┌──

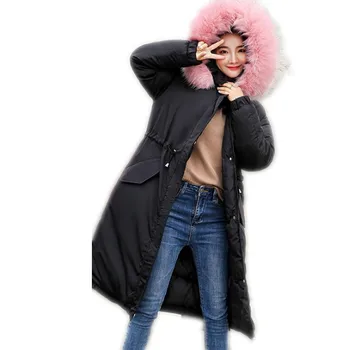 2018 New Top Winter Women Medium-Long Parkas Hooded Large Fur Collar Padded Female Down Cotton Jacket With Belt Thicken CQ2089
2018 New Top Winter Women Medium-Long Parkas Hooded Large Fur Collar Padded Female Down Cotton Jacket With Belt Thicken CQ2089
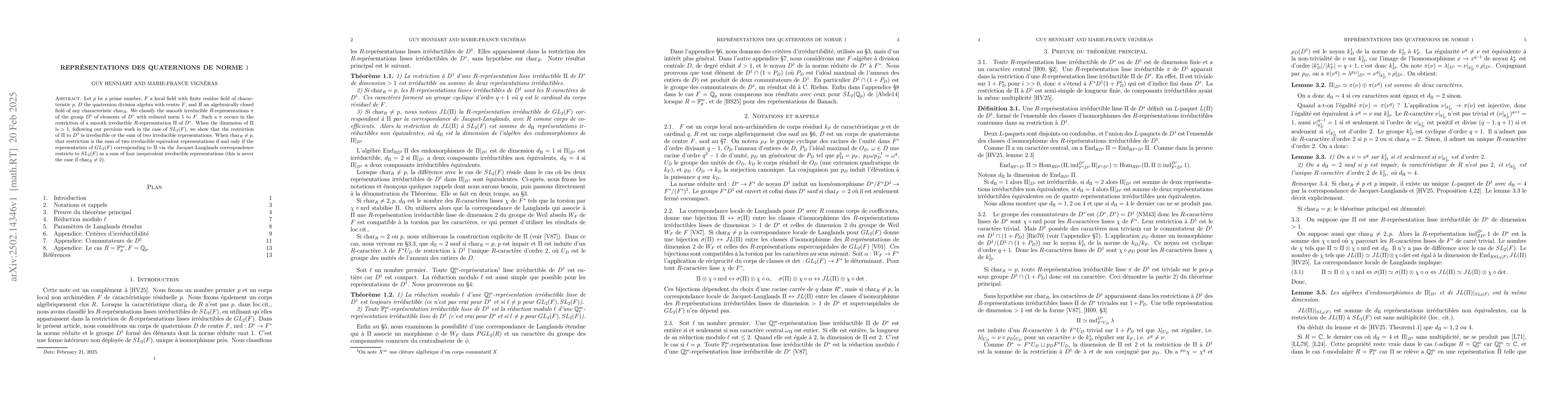Thumbnail for ReprĂŠsentations des quaternions de norme 1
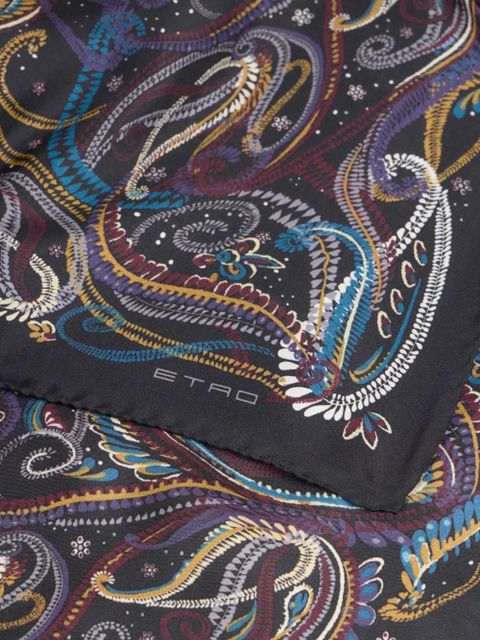 ETRO paisley-print silk scarf - Black - zdjęcie produktu nr 2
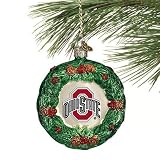 NCAA Ohio State Buckeyes 3.25'' Glass Wreath Ornament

└──

### What to do
Without copying any picture, write out the entries exactly.

### Answer space
 2018 New Top Winter Women Medium-Long Parkas Hooded Large Fur Collar Padded Female Down Cotton Jacket With Belt Thicken CQ2089
2018 New Top Winter Women Medium-Long Parkas Hooded Large Fur Collar Padded Female Down Cotton Jacket With Belt Thicken CQ2089
Thumbnail for ReprĂŠsentations des quaternions de norme 1
 ETRO paisley-print silk scarf - Black - zdjęcie produktu nr 2
 NCAA Ohio State Buckeyes 3.25'' Glass Wreath Ornament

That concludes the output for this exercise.